About a minute after reading Susan’s review of White Spines by Nicholas Royle, I had ordered my copy – directly from the publisher Salt, which perhaps explains why it came with a surprise author signature on the title page.
It is exactly the sort of book I like: a book about reading, about buying books, and a love for literature that is more idiosyncratic than a slavish devotion to Lists of Great Works. The ‘white spines’ of the title are those that Picador used from the 1970s to the 1990s. If I’m honest, they’re exactly the sort of books my eye flashes past in a charity shop. It’s an era of literature that I know very little about and, except for a few stand-out names, I am pretty poorly read for those decades.
Royle does love some of the writers he buys from this period, but he buys books without necessarily ever anticipating reading them. He is a completist: he wants all of the titles. He wants the anomalies, from when some of the books had black or patterned spines. He wants a ‘shadow collection’, where he duplicates books already on his shelves of white spines. And his buying goes in tangents – an admiration for a cover artist will lead to him buying everything he can with the same artist on the cover, for instance. Almost anything can form the basis of a collection, and you get the sense of Royle’s – surely enormous? – house being a melting pot of different fascinations, grouped in overlapping collections.
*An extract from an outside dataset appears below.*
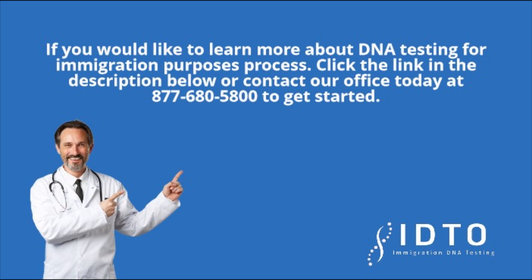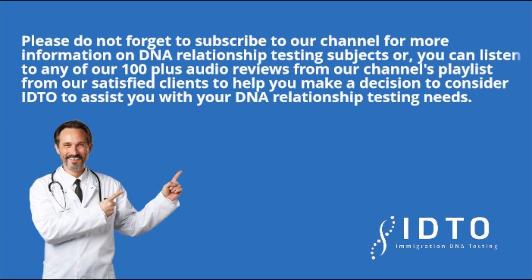If you would like to learn more about the DNA testing for immigration purposes process, click the link in the description below or contact our office today at 877-680-5800 to get started. Please do not forget to subscribe to our channel for more information on DNA relationship testing subjects, or you can listen to any of our 100 plus audio reviews from our channel's playlist from our satisfied clients to help you make a decision to consider IDTO to assist you with your DNA relationship testing needs.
Despite not sharing Royle’s particular tastes, and seldom buying books unless I have at least vague intentions of reading them, I loved reading about his bookish adventures. Next to going on a book buying spree, I enjoy experiencing them vicariously – and a lot of White Spines is about his book shopping. Sometimes far afield, sometimes in bookshops or charity shops that are regular haunts. He seldom comes away empty handed, and manages to convey both the excitement and the curiosity of the perennial haunted of bookshops. Here’s a trip to The Bookshop Experience in Southend… which I just kept writing out, because I enjoyed the journey we go on as he scans across the shelves.
As soon as I enter the Bookshop Experience, I know I’m in luck. I’m immediately taking the books off shelves. Paul Bowles – two Abacus collections, A Thousand Days for Mokhtar and Call at Corazon, in the same series, with excellent photographic covers, as two titles I already have. Calvino’s The Literature Machine, in the Brothers Quai (sic) series of covers from Picador (a separate series is credited to the Brothers Quay). And then – increasing heartbeat – I spot an early Sceptre paperback of Siri Hustvedt’s first novel, The Blindfold.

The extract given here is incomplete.